Scholarly Publishing and Open Access blog

The latest news and answers to your questions about scholarly publishing and open access.


Recognizing contributions to research - how should you credit?

Published by Ioana Liuta

Contributors and collaboration

As research becomes more collaborative, there’s a good chance you’ll find yourself part of a team of researchers. Your group might include undergraduate and graduate students, faculty, community researchers, and other people, who have different roles and responsibilities while working together on a project. Who gets to be named in the publication? How do you determine how the authors are listed? Which kinds of “contribution” count?

As a response to the changing landscape of knowledge production (see Open Science, Open Scholarship) and as acknowledgment of the multitude of forms that contribution can take, new systems of recognizing (and valuing) each person’s contribution to research have been proposed. These new ways also help to meet growing movements towards transparency and accountability in research by documenting people’s roles and responsibilities. One such system – a taxonomy – is CRediT

What are problems with traditional methods of naming authors?

  • No info on the type of contribution
  • Often leaves out important but non-traditional contributions (e.g. data curation, fundraising)
  • Insufficient accountability when tracing contributions
  • Disputes among team members around recognition
  • Variation in naming conventions can be unclear and vary by field
  • Ethical issues due to lack of clarity on authorship: ghost, guest, orphan, and forged authorship; promotion, tenure, and grant decisions

One solution: the CRediT taxonomy & how it works

The CRediT taxonomy is a system for describing different ways people contribute to research.
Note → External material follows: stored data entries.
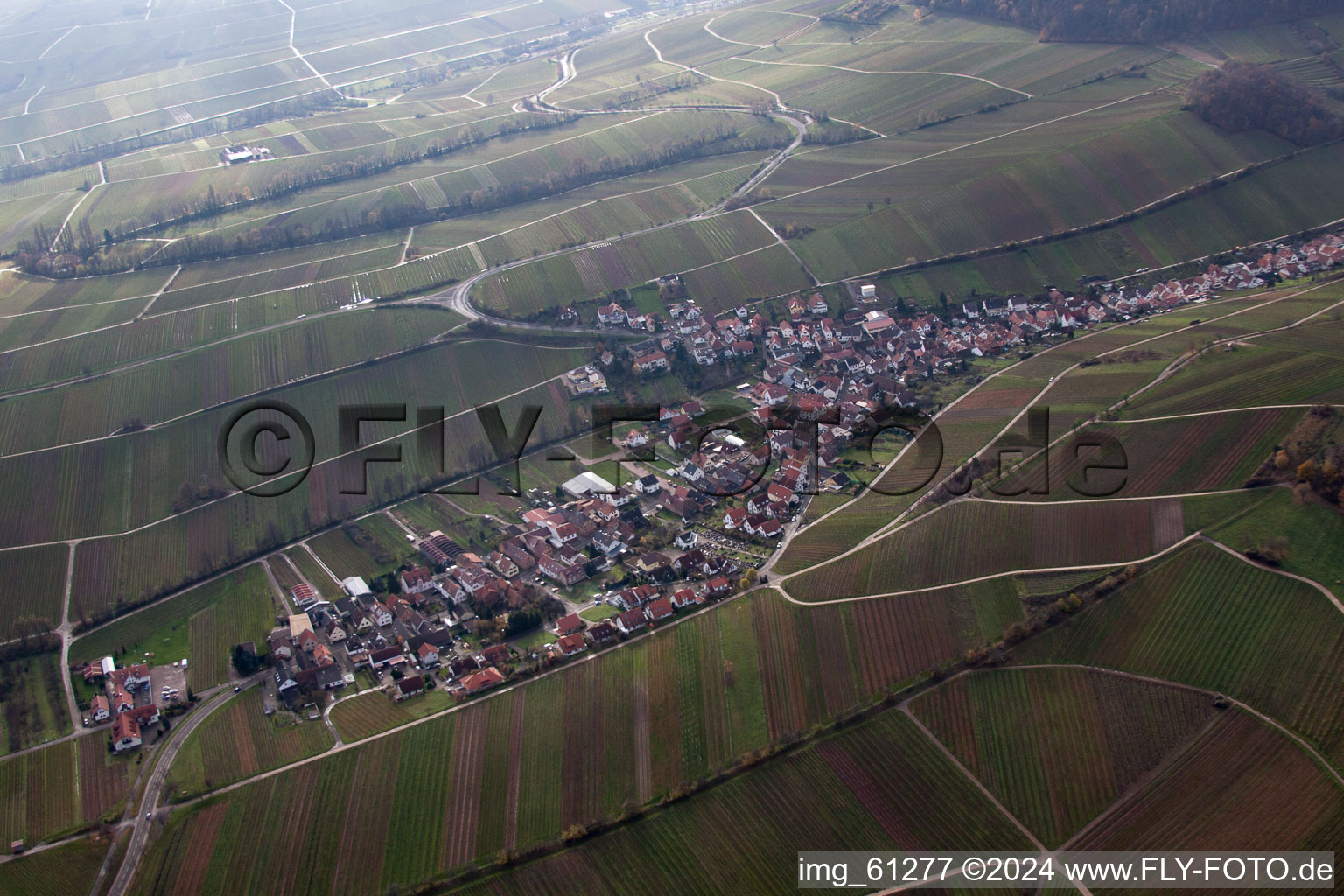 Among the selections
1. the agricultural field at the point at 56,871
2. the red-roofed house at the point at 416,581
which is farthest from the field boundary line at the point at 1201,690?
the agricultural field at the point at 56,871

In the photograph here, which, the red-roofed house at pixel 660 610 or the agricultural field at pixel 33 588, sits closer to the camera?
the red-roofed house at pixel 660 610

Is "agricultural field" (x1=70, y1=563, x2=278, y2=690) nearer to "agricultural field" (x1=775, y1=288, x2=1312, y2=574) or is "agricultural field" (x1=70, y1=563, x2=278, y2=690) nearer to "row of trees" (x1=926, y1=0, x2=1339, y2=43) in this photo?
"agricultural field" (x1=775, y1=288, x2=1312, y2=574)

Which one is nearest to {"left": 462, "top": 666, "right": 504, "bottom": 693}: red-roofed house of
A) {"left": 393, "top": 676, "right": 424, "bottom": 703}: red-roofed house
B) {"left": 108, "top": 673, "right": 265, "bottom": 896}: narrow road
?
{"left": 393, "top": 676, "right": 424, "bottom": 703}: red-roofed house

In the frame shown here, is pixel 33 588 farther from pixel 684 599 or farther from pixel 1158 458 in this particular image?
pixel 1158 458

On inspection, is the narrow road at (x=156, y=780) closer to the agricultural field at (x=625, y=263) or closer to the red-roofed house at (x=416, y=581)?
the red-roofed house at (x=416, y=581)

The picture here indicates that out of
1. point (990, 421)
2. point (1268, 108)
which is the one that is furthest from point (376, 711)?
point (1268, 108)

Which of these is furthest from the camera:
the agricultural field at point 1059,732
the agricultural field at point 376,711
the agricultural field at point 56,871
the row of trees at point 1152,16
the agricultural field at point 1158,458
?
the row of trees at point 1152,16

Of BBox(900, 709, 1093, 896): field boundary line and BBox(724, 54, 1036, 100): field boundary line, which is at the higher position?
BBox(724, 54, 1036, 100): field boundary line

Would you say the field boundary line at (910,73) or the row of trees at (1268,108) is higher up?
the field boundary line at (910,73) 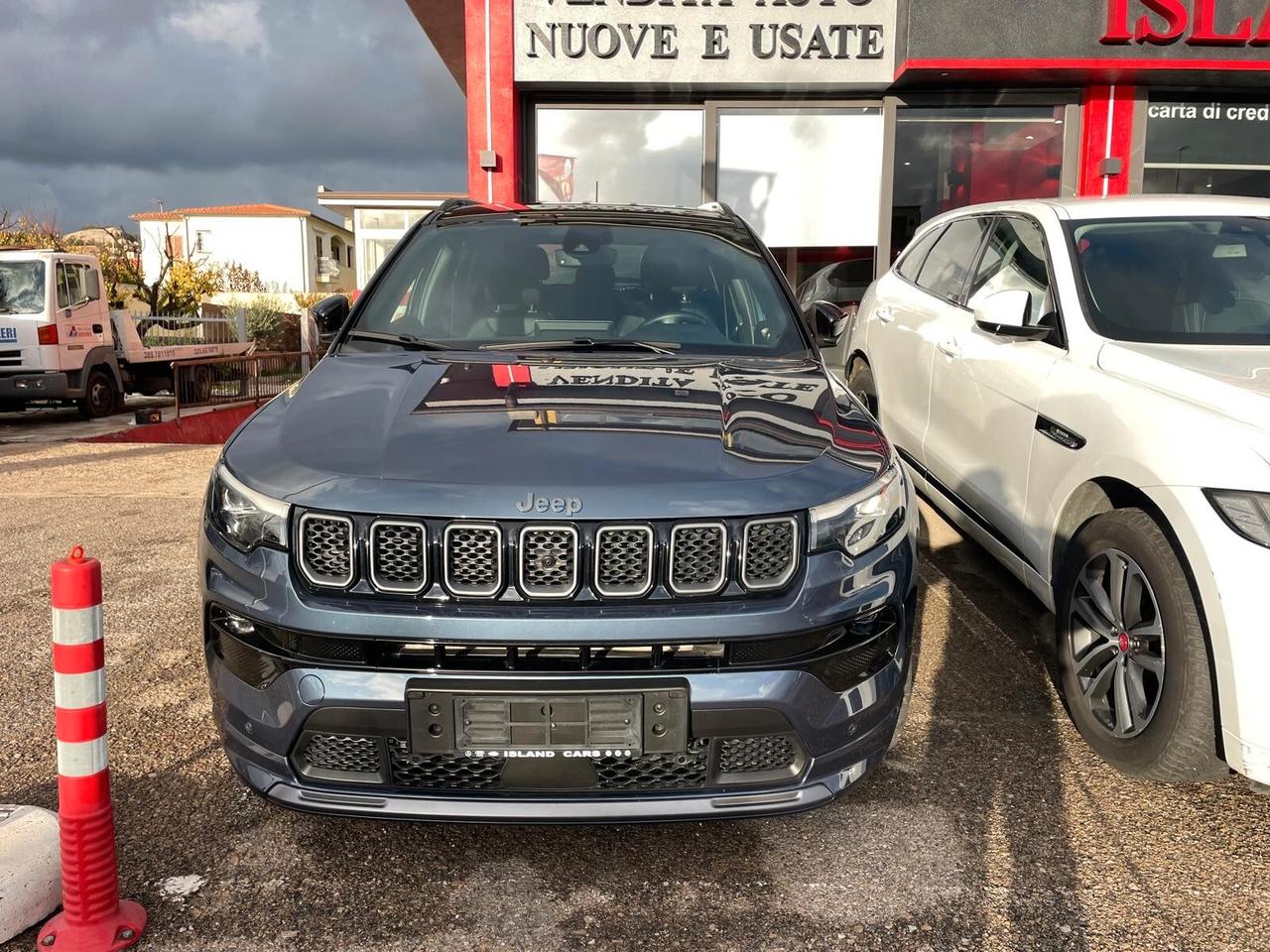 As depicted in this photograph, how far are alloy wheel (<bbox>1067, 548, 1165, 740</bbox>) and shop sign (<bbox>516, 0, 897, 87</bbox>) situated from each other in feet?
27.5

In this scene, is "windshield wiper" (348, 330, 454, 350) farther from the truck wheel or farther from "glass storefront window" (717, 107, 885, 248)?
the truck wheel

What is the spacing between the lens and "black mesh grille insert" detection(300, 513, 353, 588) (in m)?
2.14

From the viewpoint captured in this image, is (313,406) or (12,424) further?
(12,424)

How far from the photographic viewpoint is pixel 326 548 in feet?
7.06

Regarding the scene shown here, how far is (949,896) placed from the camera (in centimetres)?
238

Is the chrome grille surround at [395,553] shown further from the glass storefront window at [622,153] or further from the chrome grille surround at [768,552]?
the glass storefront window at [622,153]

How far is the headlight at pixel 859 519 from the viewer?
2209 mm

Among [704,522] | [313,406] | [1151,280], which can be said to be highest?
[1151,280]

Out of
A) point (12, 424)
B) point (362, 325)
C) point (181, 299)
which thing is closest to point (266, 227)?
point (181, 299)

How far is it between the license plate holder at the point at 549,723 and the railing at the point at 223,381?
10161 millimetres

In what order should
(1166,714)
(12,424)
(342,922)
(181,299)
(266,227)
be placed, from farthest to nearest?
(266,227), (181,299), (12,424), (1166,714), (342,922)

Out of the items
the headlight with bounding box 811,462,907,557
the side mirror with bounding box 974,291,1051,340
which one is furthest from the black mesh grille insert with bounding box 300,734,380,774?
the side mirror with bounding box 974,291,1051,340

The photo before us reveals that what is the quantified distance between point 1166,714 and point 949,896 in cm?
79

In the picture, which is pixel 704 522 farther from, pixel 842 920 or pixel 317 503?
pixel 842 920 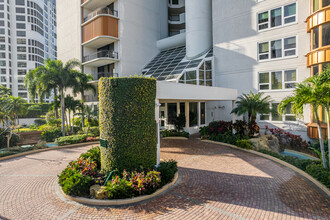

It currently includes 14 roles, each one being a different form of contribution. One analogy that’s been used to describe this system is to think of film credits, where specific kinds of contributions (e.g. sound effects) are attributed to the people who worked on them.

It’s primarily up to journals, publishers, and publishing platforms to adopt CRediT and advocate for adoption of the system by others and in policy changes. That way, anyone whose work is published with the journal or on their platform will use the same classification, and journals can better “talk” to each other using consistent metadata. For every publication, your team would then adopt these categories to define each person’s role, as best as possible, noting who worked in which role(s); you can optionally add nuances, including degree of contribution.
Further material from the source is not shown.